Se per i traffici le previsioni sono dunque fantasmagoriche, gli effetti occupazionali continuano intanto a restare un mistero. Vedremo nei prossimi incontri, anche perché il tema è centrale per il territorio, dato che al recupero dei volumi registrato dal 2008 in poi (+50% in tonnellate), che ha riportato il porto a livelli paragonabili a quelli del 2007, si è accompagnata una crescita occupazionale inferiore all’1%. Anche senza entrare nelle dinamiche salariali, la correlazione fra volumi e posti di lavoro, vuoi per automazione, rese, produttività, resta preoccupantemente scarsa.
Nel frattempo, mentre l’ammiraglio Nicola Carlone, Direttore marittimo della Liguria e Comandante del Porto di Genova, più ancora degli altri partecipanti è sembrato tecnicamente orientato, fra le tre proposte, sulla selezione della cosiddetta “soluzione 3” (si veda l’immagine in pagina), è emerso qualche dato su soldi e tempi. Secondo Technital, che ha diviso ogni opzione in due parti, la prima fase costerà fra 750 e 950 milioni di euro, mentre per completare l’opera serviranno fra gli 1 e 1,3 miliardi.
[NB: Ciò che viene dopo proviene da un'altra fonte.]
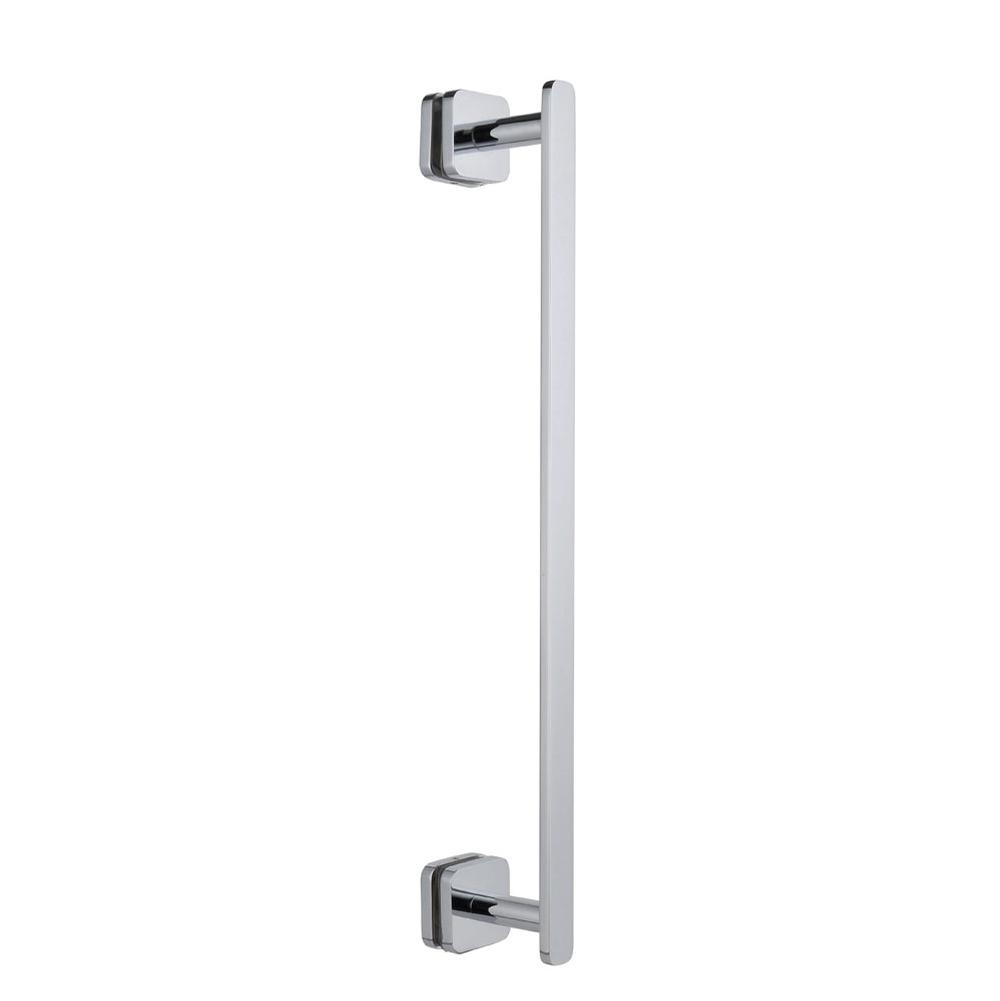 Kartners Shower Door Pulls Shower Accessories item 2547512-12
Incongruenze sui tempi. Dall’orizzonte ufficiale (secondo l’AdSP) del 2030, Technital è scesa a 8 anni: 1 per la progettazione (in corso la prima fase) e 7 per la realizzazione. Resta da capire come ciò si concili col recovery fund, che prevede il finanziamento di progetti da completarsi tassativamente entro il 2026: tempus fugit direbbe il sindaco.